Il governo di Israele accetta la tregua mentre Hamas, o la sua fazione più truce e potente, la respinge: ma la stessa eventualità di concordare una tregua cui sia Israele che Hamas si uniformino non segnala la necessità e l’inevitabilità di riconoscersi, pur con tutta l’inimicizia e il disprezzo possibile, e trattare reciprocamente?
Che la striscia di Gaza sia una prigione a cielo aperto non è solo un modo di dire, e tanto meno un modo di dire propagandistico e fazioso. È una descrizione istruttiva e rivelatrice, se solo i responsabili israeliani volessero prenderla in parola nel proprio stesso interesse. Dentro una prigione che si abbandona per sorvegliare solo i muri di cinta e gli accessi e impedire le evasioni, a rischio di morte — com’è a Gaza, per la stessa possibilità di passare in Cisgiordania e viceversa — succede come in ogni galera che si pretenda di governare lasciandola a se stessa: che il potere passa ai più incalliti e feroci criminali, e i deboli e inermi non possono che divenirne ostaggi, o confidare nella loro brutalità. L’esempio è istruttivo, a condizione di ricordare che i quasi due milioni di persone della Striscia non sono detenuti per aver commesso qualche reato ed esserne stati giudicati. Sono il deposito innocente di una disgrazia terribile.

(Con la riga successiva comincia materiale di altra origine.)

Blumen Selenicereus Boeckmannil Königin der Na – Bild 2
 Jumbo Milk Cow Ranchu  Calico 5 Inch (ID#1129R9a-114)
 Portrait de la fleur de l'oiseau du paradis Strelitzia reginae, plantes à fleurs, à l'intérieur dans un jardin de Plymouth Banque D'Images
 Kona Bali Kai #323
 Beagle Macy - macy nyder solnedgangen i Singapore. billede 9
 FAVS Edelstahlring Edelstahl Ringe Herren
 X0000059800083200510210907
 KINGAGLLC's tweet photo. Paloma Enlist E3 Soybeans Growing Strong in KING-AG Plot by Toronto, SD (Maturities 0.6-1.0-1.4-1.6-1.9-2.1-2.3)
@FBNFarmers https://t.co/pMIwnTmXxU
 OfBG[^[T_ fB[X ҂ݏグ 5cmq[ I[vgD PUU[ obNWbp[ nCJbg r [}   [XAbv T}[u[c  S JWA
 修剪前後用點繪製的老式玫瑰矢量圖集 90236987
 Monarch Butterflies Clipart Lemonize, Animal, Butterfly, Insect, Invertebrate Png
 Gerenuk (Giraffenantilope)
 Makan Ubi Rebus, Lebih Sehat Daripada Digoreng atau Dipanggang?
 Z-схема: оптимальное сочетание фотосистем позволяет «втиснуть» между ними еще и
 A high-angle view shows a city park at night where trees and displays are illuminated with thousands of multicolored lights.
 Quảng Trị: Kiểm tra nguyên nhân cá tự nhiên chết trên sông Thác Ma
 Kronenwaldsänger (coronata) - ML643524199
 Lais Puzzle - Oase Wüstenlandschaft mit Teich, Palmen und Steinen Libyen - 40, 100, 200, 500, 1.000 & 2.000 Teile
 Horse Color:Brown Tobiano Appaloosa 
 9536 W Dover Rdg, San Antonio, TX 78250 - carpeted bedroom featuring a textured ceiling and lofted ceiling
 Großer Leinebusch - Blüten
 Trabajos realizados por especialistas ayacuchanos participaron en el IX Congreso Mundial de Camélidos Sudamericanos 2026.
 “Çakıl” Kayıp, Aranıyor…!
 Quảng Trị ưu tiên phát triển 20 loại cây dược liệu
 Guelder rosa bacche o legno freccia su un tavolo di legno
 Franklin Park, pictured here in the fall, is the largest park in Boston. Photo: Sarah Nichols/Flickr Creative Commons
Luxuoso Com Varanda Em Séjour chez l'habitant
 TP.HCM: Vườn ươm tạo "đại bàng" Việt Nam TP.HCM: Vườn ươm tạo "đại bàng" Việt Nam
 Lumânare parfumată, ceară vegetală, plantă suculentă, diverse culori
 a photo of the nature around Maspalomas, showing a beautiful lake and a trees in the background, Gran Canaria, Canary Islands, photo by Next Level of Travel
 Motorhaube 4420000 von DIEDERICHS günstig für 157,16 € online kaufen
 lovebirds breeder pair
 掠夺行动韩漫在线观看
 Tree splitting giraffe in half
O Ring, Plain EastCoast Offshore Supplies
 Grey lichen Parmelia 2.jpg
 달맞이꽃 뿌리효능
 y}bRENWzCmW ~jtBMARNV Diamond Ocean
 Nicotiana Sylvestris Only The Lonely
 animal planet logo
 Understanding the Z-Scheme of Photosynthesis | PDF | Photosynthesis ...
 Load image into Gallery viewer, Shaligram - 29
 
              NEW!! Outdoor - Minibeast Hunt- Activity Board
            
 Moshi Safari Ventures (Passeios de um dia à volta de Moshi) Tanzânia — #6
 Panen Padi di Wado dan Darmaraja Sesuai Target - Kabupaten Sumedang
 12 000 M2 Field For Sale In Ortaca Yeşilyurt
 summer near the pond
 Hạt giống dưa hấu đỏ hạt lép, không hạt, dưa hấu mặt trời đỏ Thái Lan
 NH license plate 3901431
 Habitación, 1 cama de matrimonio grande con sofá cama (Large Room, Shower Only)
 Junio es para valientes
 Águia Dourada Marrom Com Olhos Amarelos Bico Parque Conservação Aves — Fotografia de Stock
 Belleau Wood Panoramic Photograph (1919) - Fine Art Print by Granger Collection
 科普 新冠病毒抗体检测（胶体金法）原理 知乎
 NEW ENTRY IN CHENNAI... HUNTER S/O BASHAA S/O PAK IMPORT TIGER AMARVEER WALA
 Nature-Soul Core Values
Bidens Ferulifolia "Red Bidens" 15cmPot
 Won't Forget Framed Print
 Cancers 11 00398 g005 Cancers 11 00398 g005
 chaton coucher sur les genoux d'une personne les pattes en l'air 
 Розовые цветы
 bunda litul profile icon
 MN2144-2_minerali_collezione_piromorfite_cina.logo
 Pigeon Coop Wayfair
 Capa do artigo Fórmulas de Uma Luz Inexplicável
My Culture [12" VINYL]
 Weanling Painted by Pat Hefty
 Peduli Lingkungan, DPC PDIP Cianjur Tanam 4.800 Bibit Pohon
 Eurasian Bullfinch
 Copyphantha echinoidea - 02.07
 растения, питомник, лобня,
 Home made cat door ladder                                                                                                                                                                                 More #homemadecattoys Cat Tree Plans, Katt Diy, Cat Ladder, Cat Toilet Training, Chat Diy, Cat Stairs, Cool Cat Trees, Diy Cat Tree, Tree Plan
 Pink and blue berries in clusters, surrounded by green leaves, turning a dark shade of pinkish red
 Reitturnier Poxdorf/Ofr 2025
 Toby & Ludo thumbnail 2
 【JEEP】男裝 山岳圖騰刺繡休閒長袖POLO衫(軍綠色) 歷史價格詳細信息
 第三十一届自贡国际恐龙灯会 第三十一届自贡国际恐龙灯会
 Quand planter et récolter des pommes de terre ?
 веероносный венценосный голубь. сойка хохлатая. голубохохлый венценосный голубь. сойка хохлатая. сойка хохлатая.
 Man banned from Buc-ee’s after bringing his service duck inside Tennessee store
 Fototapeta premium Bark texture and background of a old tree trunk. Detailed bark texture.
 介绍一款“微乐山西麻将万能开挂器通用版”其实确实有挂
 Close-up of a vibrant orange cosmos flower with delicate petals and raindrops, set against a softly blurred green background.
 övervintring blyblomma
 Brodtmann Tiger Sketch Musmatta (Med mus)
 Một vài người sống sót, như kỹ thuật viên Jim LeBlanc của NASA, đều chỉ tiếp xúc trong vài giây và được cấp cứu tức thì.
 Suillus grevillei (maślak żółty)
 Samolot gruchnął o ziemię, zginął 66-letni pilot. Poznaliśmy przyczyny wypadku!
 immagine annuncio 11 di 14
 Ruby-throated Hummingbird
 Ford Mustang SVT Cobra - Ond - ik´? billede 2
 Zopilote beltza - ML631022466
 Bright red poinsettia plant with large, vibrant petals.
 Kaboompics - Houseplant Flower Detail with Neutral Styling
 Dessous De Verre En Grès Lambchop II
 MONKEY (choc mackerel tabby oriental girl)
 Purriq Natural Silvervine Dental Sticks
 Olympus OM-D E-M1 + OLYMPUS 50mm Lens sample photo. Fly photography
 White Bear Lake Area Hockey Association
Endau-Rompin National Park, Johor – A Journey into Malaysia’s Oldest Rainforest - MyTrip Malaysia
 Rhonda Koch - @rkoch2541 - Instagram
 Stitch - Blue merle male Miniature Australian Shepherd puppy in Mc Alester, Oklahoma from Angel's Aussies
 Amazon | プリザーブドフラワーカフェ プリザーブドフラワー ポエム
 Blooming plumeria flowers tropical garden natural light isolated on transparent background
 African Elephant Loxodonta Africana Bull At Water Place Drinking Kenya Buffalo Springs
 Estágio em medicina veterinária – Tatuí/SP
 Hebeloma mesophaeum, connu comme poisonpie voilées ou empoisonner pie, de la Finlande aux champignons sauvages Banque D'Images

I quattro bambini di ieri si sono guadagnati un titolo, come figure improvvisamente affiorate e colorate dentro un’infinita processione grigia: perché erano su una spiaggia, perché era il nono giorno, e chissà perché ancora. Come i tre ragazzi israeliani rapiti e trucidati. Come il ragazzo palestinese linciato. Si può andare indietro senza fine, in questa processione luttuosa interrotta da qualche nome scandito, da qualche immagine colorata. Questo significa che si può andare avanti senza fine, nel futuro, vedendo già espandersi il cimitero di fosse comuni interrotto qua e là da qualche tomba guarnita di un nome e una data, qualche figurina rosa o celeste, o verde o rossa? I bambini morti sono invidiati dai bambini vivi. I bambini vivi imparano ad aver paura e a odiare.